# perl-parser
Use this crate when you want one dependency for parsing Perl plus the higher
layers that usually come next: semantic analysis, workspace indexing,
refactoring, and the LSP-oriented provider re-exports.
If you only need the parser engine itself, use `perl-parser-core` directly.
## Where it fits
`perl-parser` is the top of the parsing stack.
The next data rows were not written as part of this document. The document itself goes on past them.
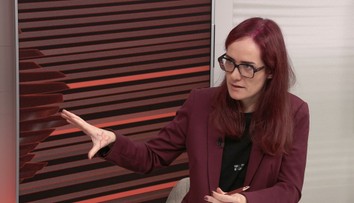 Kvůli vládě je Česko v Evropě na pranýři. Pro NATO nebude prioritou, vadí Gregorové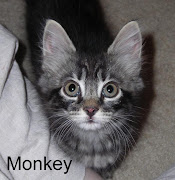 Monkey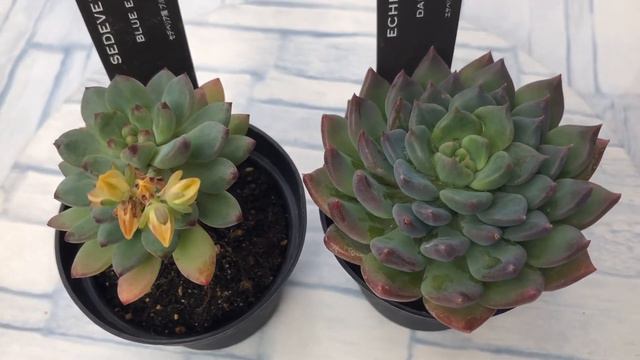 Sedeveria Blue Elf & Echeveria Dark Elf | My Succulent Collections #多肉植物のある暮らし #succulentlover смотреть онлайн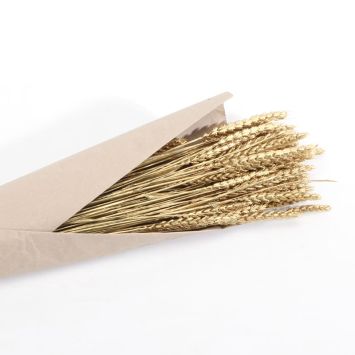 bouquet de blé de couleur or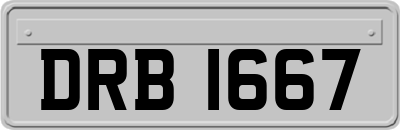DRB1667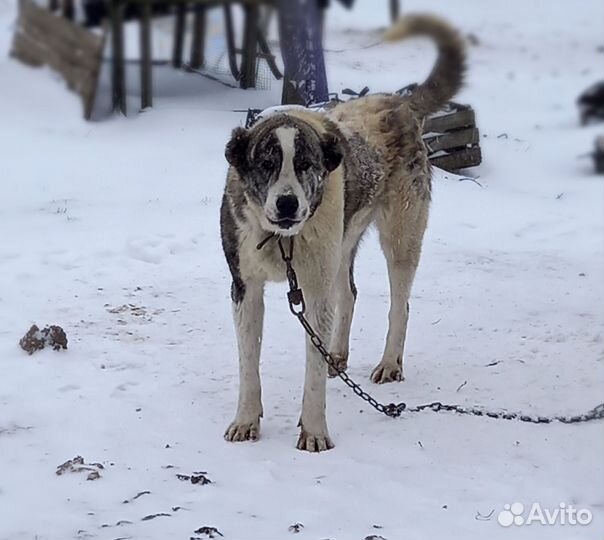 Среднеозеатская овчарка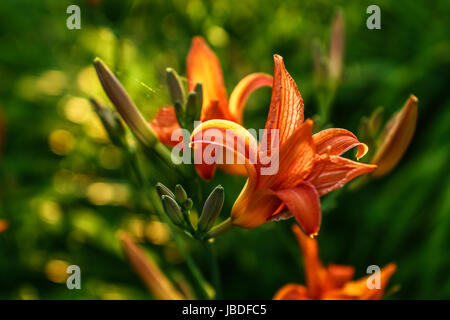 Fiery lily - tramonto Foto Stock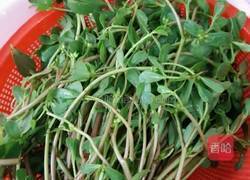 剁椒炒马齿苋的做法图解1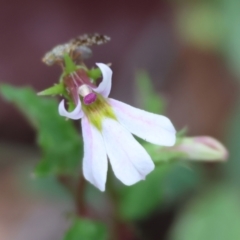 Lobelia purpurascens (White Root) at Wyndham, NSW - 1 Jan 2023 by KylieWaldon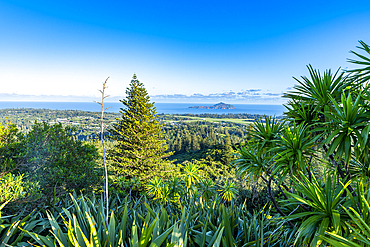 View over Norfolk Island, Australia, Pacific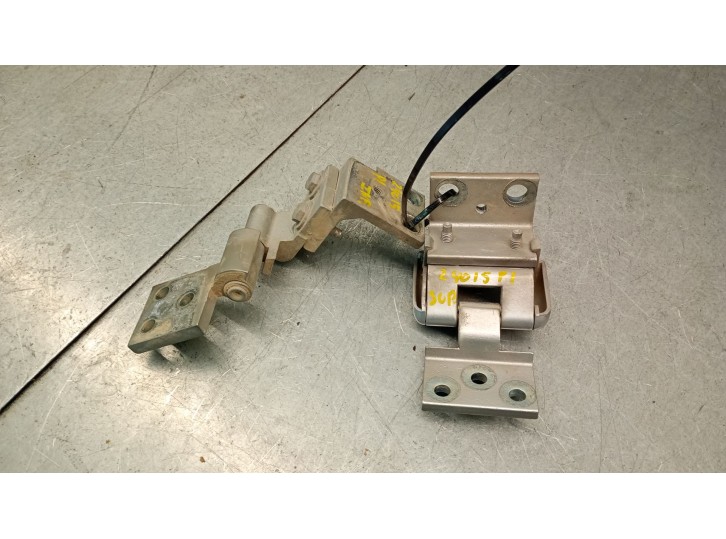 Recambio de bisagra porton para citroën berlingo 2.0 hdi cat (rhy / dw10td) referencia OEM IAM 871772 871772 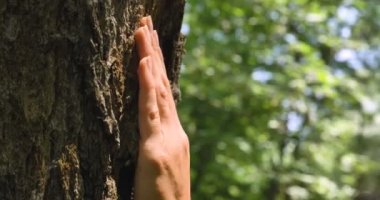 Güneşli bir günde, bir ağaç kabuğu, bir insan eli dokunur bir ağaç, uzun dallar, yeşil yaprakları. Konsept: çok yıllık bitki, ağaç, kaydetmek gezegen, canlı bitkiler, yaşam, enerji, çakralar kökleri.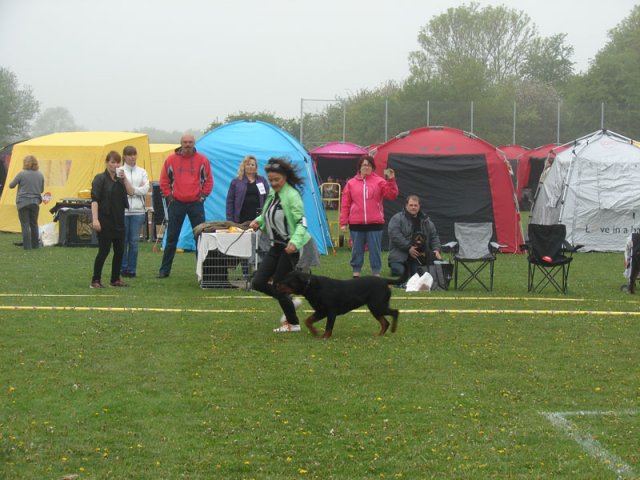 Svendborg 2013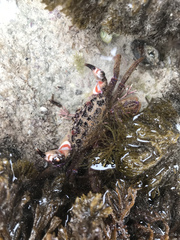 Nectocarcinus tuberculosus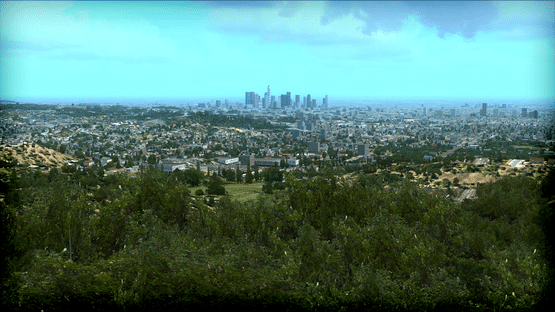 Microsoft Flight Simulator X: Steam Edition - FTX Trees HD Screenshot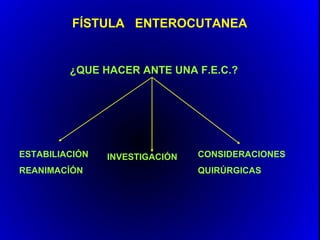 FÍSTULA ENTEROCUTANEA


         ¿QUE HACER ANTE UNA F.E.C.?




ESTABILIACIÓN   INVESTIGACIÓN   CONSIDERACIONES
REANIMACÍÓN                     QUIRÚRGICAS
 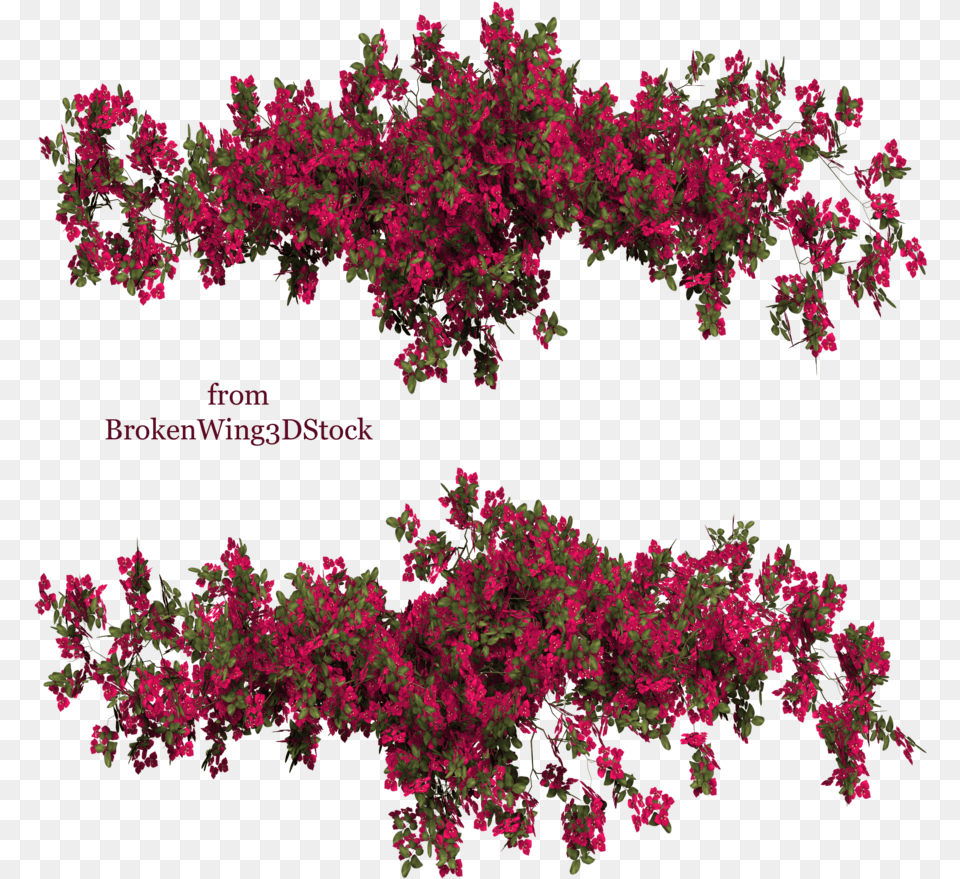 Bougainvillea 02 By, Purple, Plant, Pattern, Accessories Free Png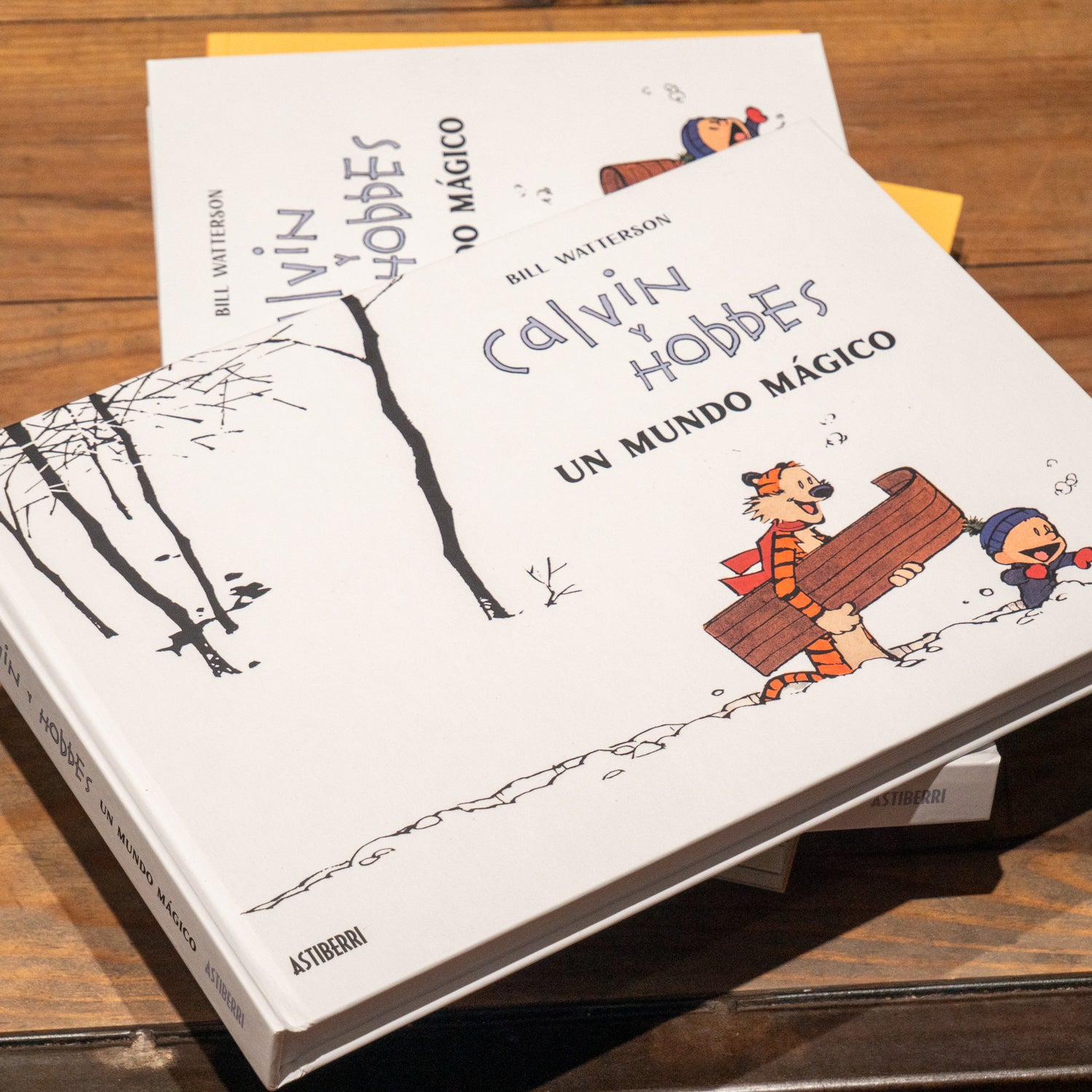 BILL WATERSON | Calvin y Hobbes: Un mundo mágico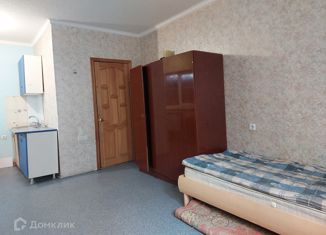 Продам 1-комнатную квартиру, 27 м2, Ростов-на-Дону, улица Кржижановского, 245, Пролетарский район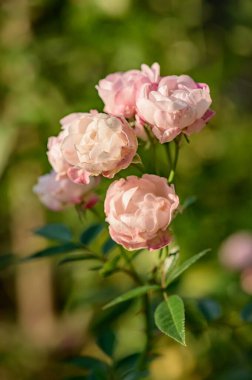 Pink rose in the garden, Thailand.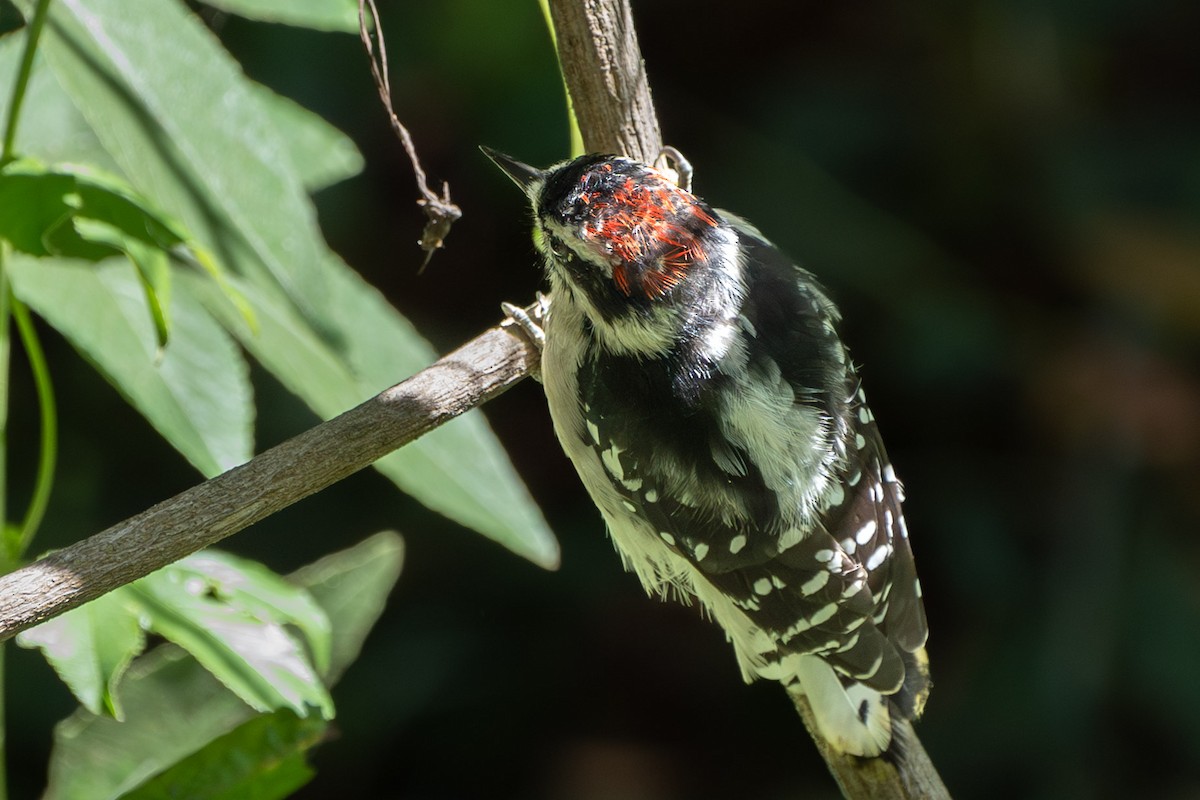 Downy Woodpecker (Pacific) - ML608627881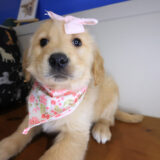Yuki Golden Retriever 02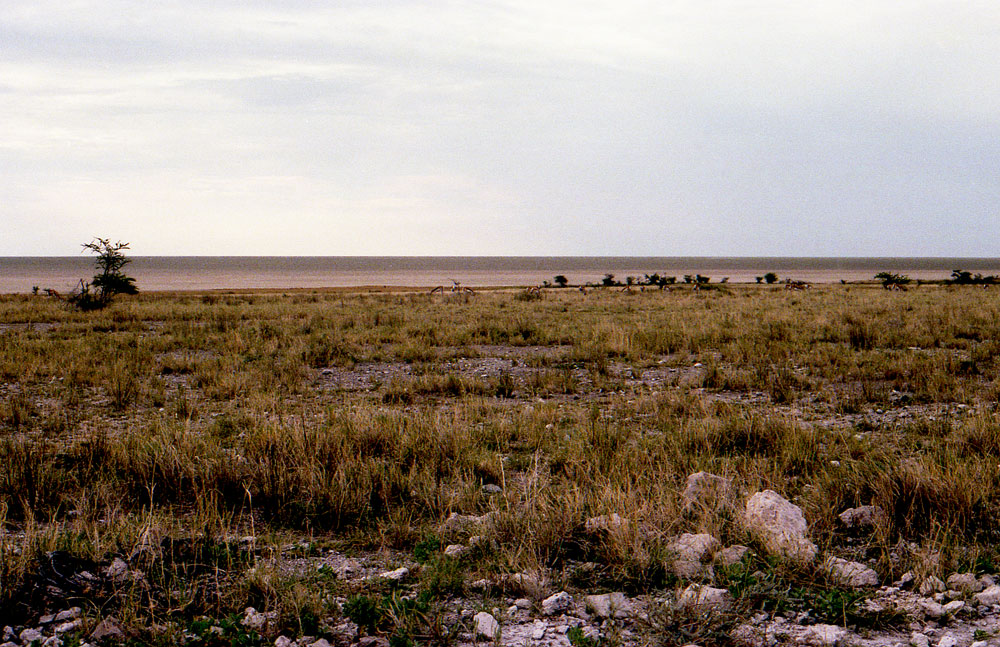 ETOSHA 004 com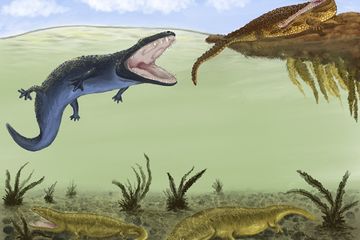 Metoposaurus (hijau zaitun, bawah) memimpin gaya hidup dunia hewan hunian bawah. Mungkin ini untuk menghindari persaingan dari Cyclotosaurus yang lebih besar (biru) dan phytosaur Parasuchus (coklat oker) atas.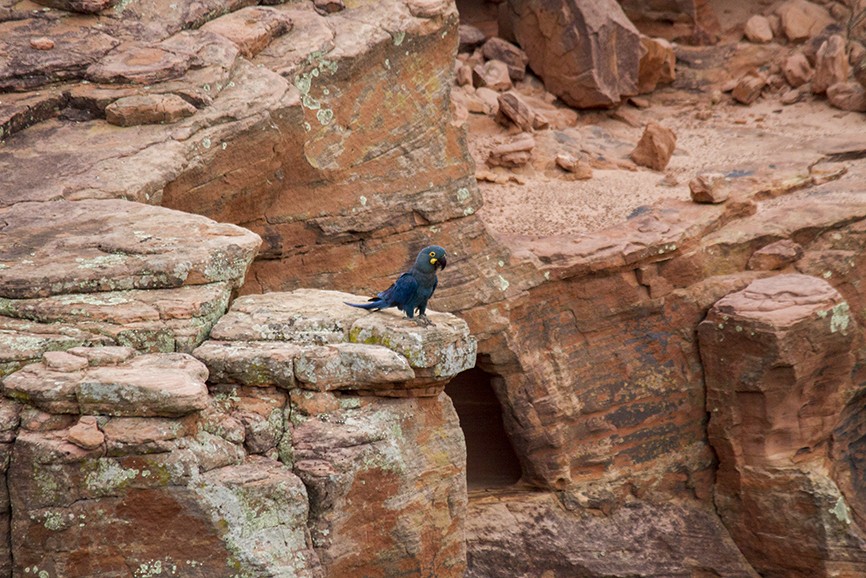 indigoara - ML647427186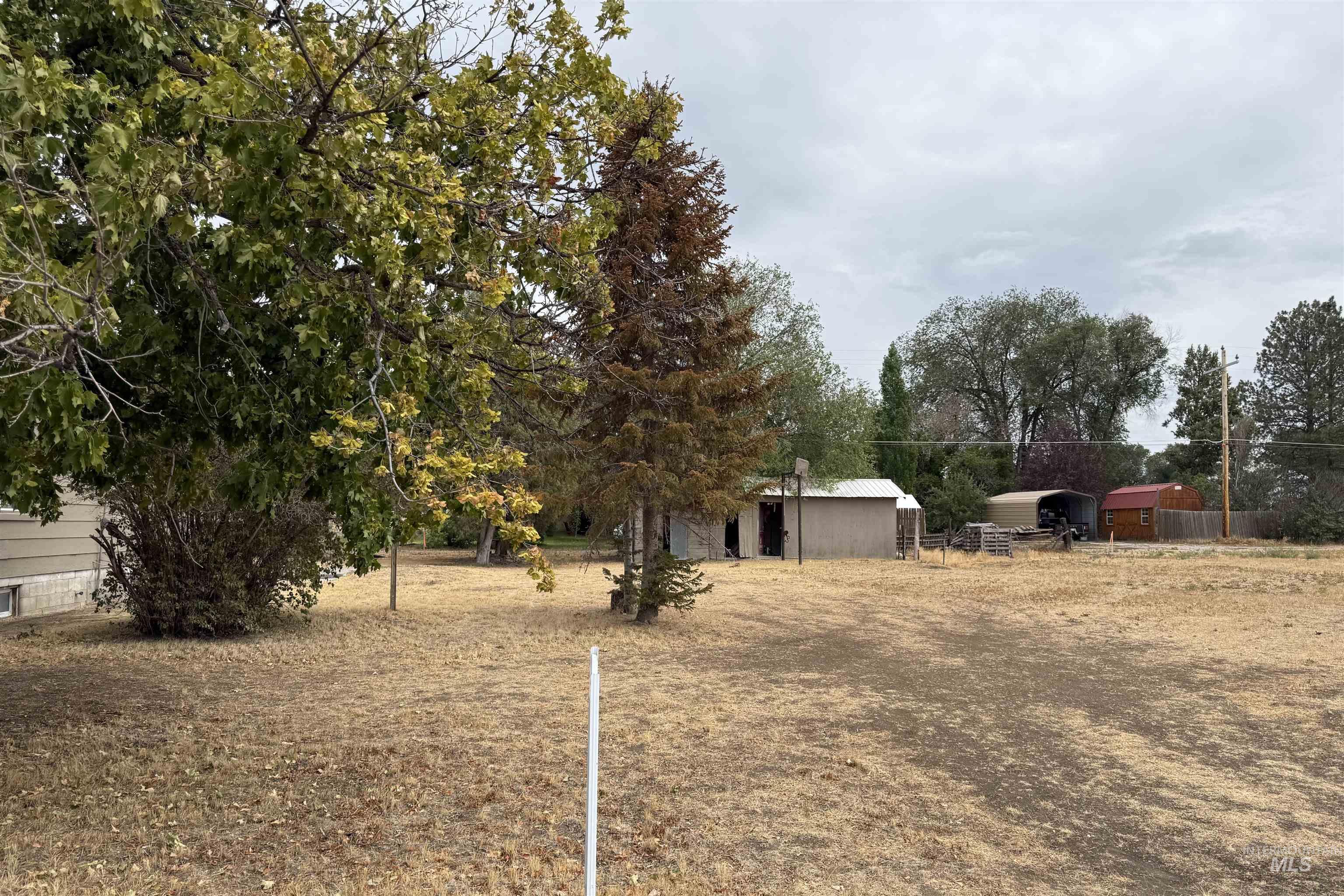 View of yard with a detached carport, an outbuilding, and view of wooded area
It lets downstream tools depend
on one crate instead of wiring the parser, analysis, workspace, and refactoring
families together by hand.
## Main entry points
- `Parser` plus `ast`, `position`, `error`, and `ParseResult`
- `analysis::*` from `perl-semantic-analyzer`
- `workspace::*` from `perl-workspace-index`
- `refactor::*` from `perl-refactoring`
- `completion`, `diagnostics`, `rename`, and other LSP provider re-exports
- `perl-parse` when the `cli` feature is enabled
## Example
```rust
use perl_parser::Parser;
let mut parser = Parser::new("my $x = 42;");
let ast = parser.parse()?;
assert!(!ast.to_sexp().is_empty());
```
## Typical use
Use `perl-parser` when you are building editor tooling, code transforms, or
tests that need both parsing and the layers above parsing. If you only need a
small slice of the stack, depend on the narrower crate directly.